EXERCISE MATERIAL.
┄┄┄┄┄┄

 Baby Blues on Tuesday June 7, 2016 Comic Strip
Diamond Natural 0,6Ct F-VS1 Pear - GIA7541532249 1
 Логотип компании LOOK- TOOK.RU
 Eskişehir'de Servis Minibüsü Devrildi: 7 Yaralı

┄┄┄┄┄┄

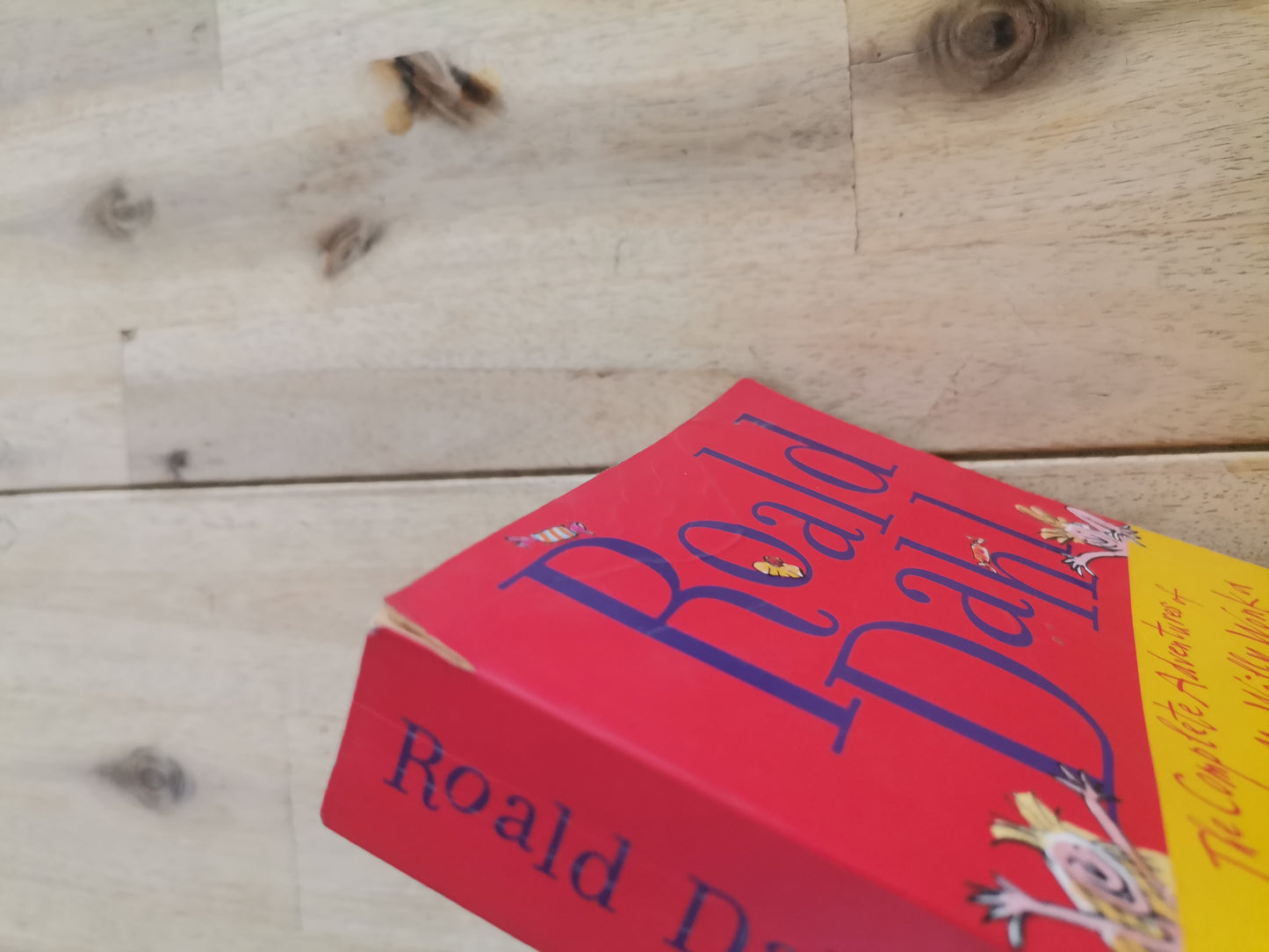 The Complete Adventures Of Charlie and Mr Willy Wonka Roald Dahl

┄┄┄┄┄┄

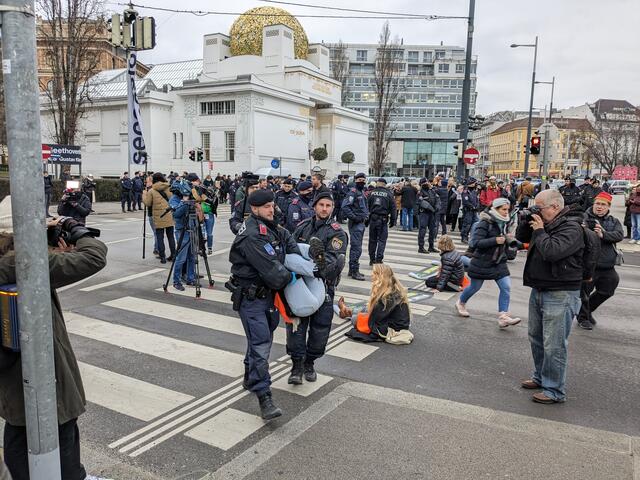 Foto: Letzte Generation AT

┄┄┄┄┄┄

EXERCISE DETAILS.
Within the data above, the lines from the one with "Diamond Natural 0,6Ct" to the one with "Eskişehir'de Servis Minibüsü" must be repeated exactly; no other line belongs in the answer.

SOLUTION TO THIS EXERCISE.
Diamond Natural 0,6Ct F-VS1 Pear - GIA7541532249 1
 Логотип компании LOOK- TOOK.RU
 Eskişehir'de Servis Minibüsü Devrildi: 7 Yaralı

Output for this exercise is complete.